Should we provide health care to people who break the law? Does it matter if they are endangering their own lives? We all have our biases (shocking!) and I have a friend who thinks that going to McDonald’s should put you lower on a list for heart surgery. I’ve wondered about withholding treatment for vaccine-preventable illnesses in children whose parents took the exemption – but then I remember that the kids shouldn’t suffer for the parent’s choice.
What about drug addicts and alcoholics? The argument is often that they chose their misery. I was motivated to write this post after reading comments about drug users in Vancouver.
Vancouver has a supervised injection site: Insite. Our local health authority runs the clinic that provides nurses, counsellors and peer support in addition to clean injection equipment. There are 12 booths were people can inject their drugs under supervision. In case of an overdose, health care staff can intervene. It works – please check out the research page of Insite for access to papers – and there have been no overdose deaths at Insite since it started in 2003.
Why does Vancouver need such a site? There are approximately 4,000 IV drug users in the downtown eastside and InSite helps to prevent infectious diseases and bring some stability to this area. Plus, the potency of heroin varies and there are cycles when lethal-strength heroin is on the street. We are in such a cycle with 21 heroin deaths so far this year compared to 8 last year – Vancouver Province, 2011). Therefore, there are posters up that state: ‘Never shoot up alone’ and places like InSite make sense.

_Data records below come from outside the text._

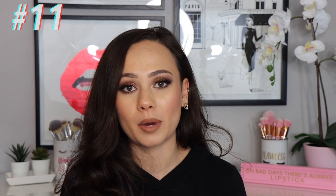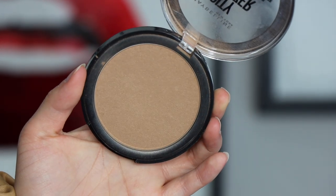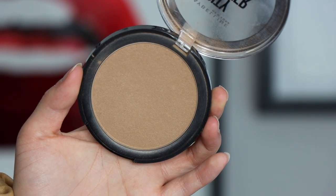Number 11 is the Maybelline City Bronzer in shade 200. From this point on, I love all the bronzers I'm talking about. This is a really good, great affordable one from the drugstore — definitely top three drugstore bronzers. Shade 200 is good, but I reach for it when I want extra bronze or a little extra shading because it's a touch too deep for me. Still a really great formula — I highly recommend it.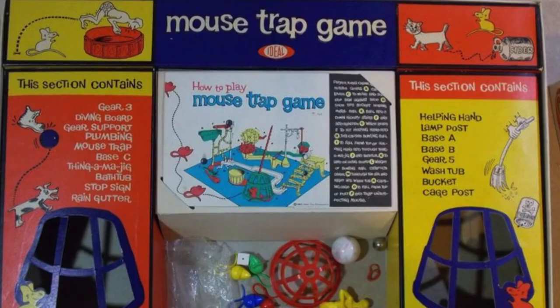This week we're looking at an absolute classic of a board game that I'm sure many of you have owned at some point or at least played. It's the granddaddy of 3D board games — Mousetrap. Would you believe that this game is over 50 years old?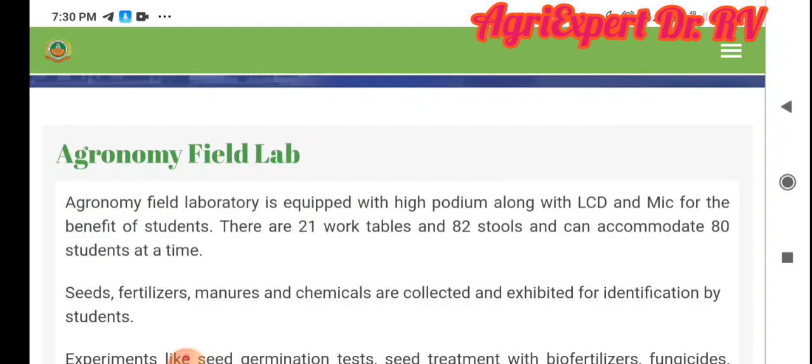I will tell you about the Institute of Agricultural and Diploma. Subscribe to our channel.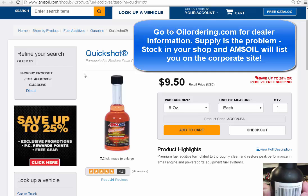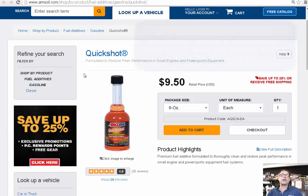The product code again is MOB. That concludes this overview on Motorcycle Octane Boost. Thanks for checking us out at oilordering.com.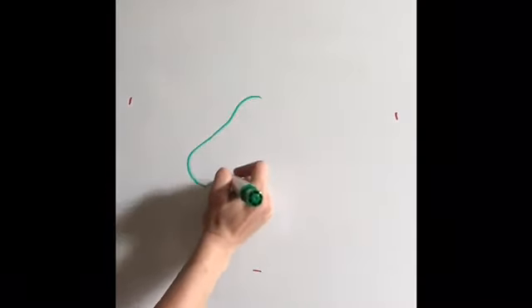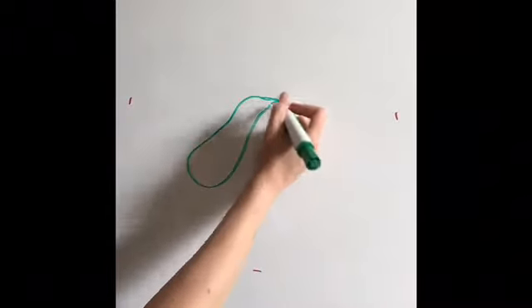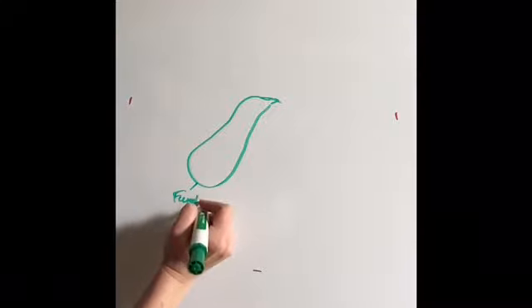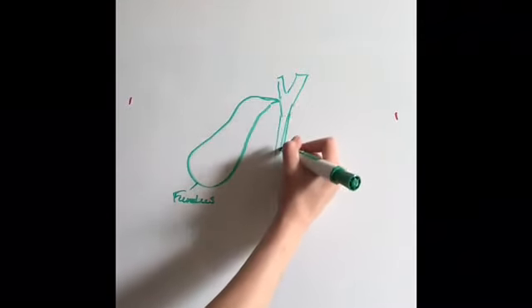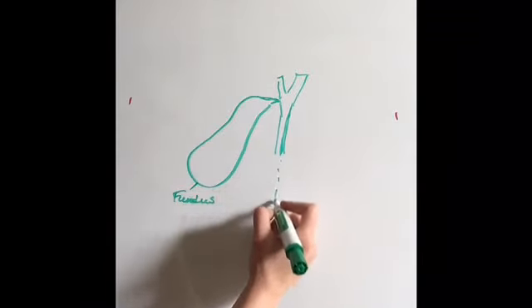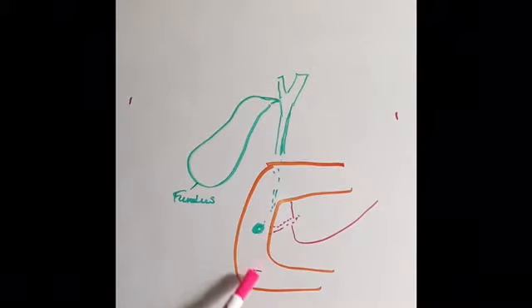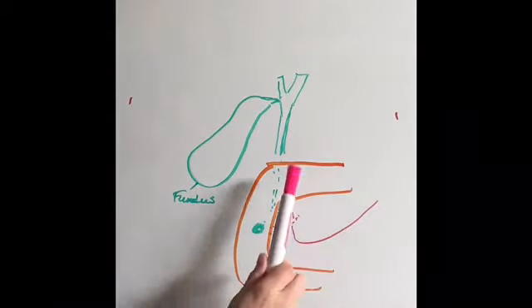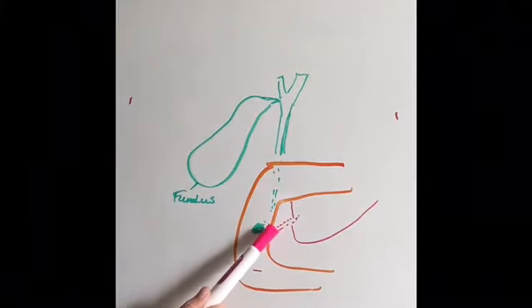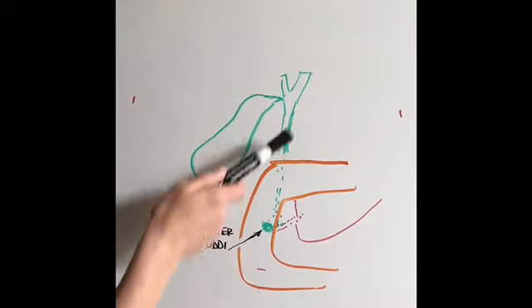I wanted to give you an idea of what the gallbladder looks like and where it's sitting. Here's the body of the gallbladder, called the fundus. It joins up and comes down into the common bile duct and down into what we call the sphincter of Oddi. Here you can see the duodenum, which is the first part of the intestines coming off from the stomach. This is the pancreas, and both the gallbladder and the pancreas drain down into the sphincter of Oddi, coming in on the backside of that duodenum.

But there is a legal battle in the Supreme Court of Canada. You see, when InSite opened as a research trial in 2003, it needed an exemption from the criminal code because heroin possession is illegal. The current federal government wants to remove this exemption, shutting down InSite and it is taking the province to court. [Just for a second think about this – I’m paying to have the provincial and federal governments fight each other.] It seems like it boils down to this:
- provincial: it is healthcare and that is the province mandate. Plus, it is saving lives
- federal: It is a crime to possess heroin and we don’t want to enable people to break the law
Both sides have a point. It’s tough because InSite works better than expected and so does that mean the criminal code should be ignored? I’ll leave you to ponder the issue.

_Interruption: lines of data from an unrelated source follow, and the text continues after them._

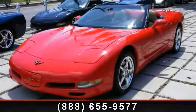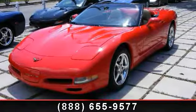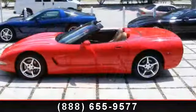Arrive in style with this 2001 Chevrolet Corvette. This may be the set of wheels you've been looking for.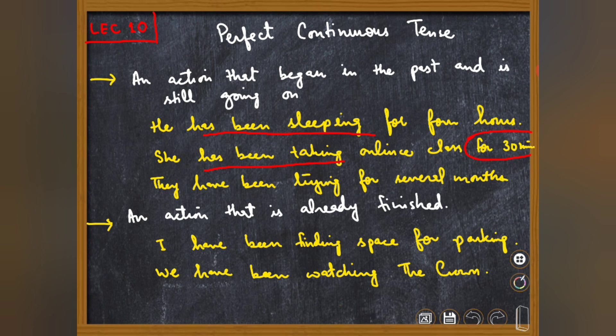'They have been trying for several months' — وہ کئی مہینوں سے کوشش کر رہے ہیں۔ ہم perfect continuous tense تب استعمال کرتے ہیں جب ہم ایک ایسے کام کو show کریں جو past میں شروع ہوا لیکن ابھی بھی جاری ہو۔ انہوں نے کئی مہینے پہلے try کرنا شروع کیا اور ابھی بھی try کر رہے ہیں۔ Online class 30 minutes پہلے شروع ہوئی لیکن ابھی بھی جاری ہے؛ وہ 4 گھنٹے پہلے سونے گیا لیکن ابھی بھی same state میں ہے۔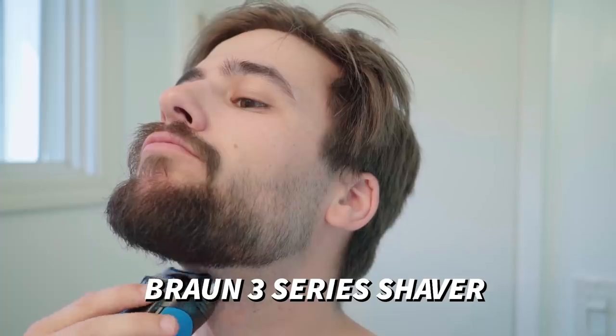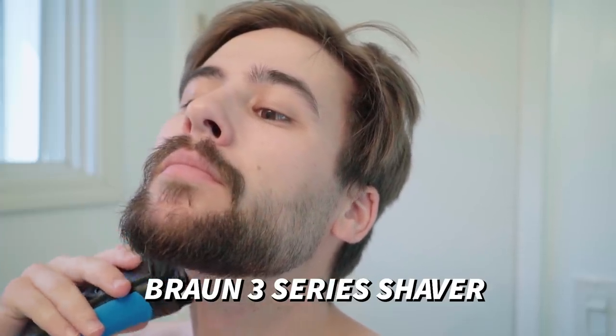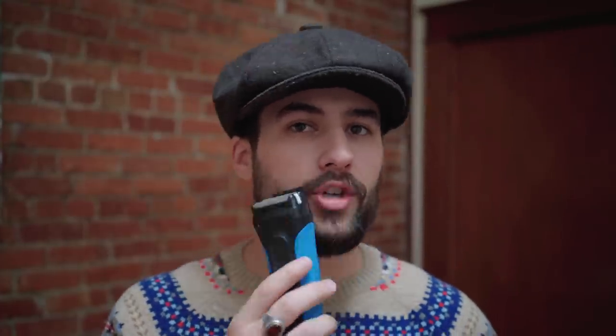When I want to get really close, smooth, and tight to the skin, I use the Braun electric razor. I like it because I can take it in the shower — I don't have to get messy at the sink. I use it under my neck, and it also has a precision trimmer for the goatee area, mustache, or neckline. Braun pretty much has everything you need to achieve the facial hairstyles you want.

I do find it interesting that 5 former Vancouver mayors of different political stripes support Insite (source). That article describes our former federal health minister saying ‘providing drug addicts with a supervised place to inject was akin to offering palliative care to patients with treatable forms of cancer’.
Even if his comparison holds up – and I don’t think it does but am trying to stay somewhat focused – would he withhold treatment from a cancer patient because they didn’t make his choices? If a woman decided not to treat her early breast cancer, would she be ineligible for palliative care? Our current system doesn’t allow for those decisions to be made and patients are treated for their current illness and hopefully not for their life decisions.
I hope that we stay treating the current illness and don’t bring in the moral judgements. Some people think I’m crazy for white water kayaking – does that mean that I shouldn’t get treatment if I’m hurt on the water? Or does that mean that I shouldn’t take safety gear or people because I’m doing something stupid? The trouble with moral health care is that we all have different biases.
I was talking with a friend who sees InSite as a criminal issue. Like the federal government, she agrees that InSite works but that it doesn’t matter because the initial drug possession is a crime. I asked her if it would be OK if seat belts disappeared when you started to speed. Her response: “No. But I can see a point of seat belts not working if you try to drive drunk.” Our discussion highlighted how difficult it is to decide who to protect.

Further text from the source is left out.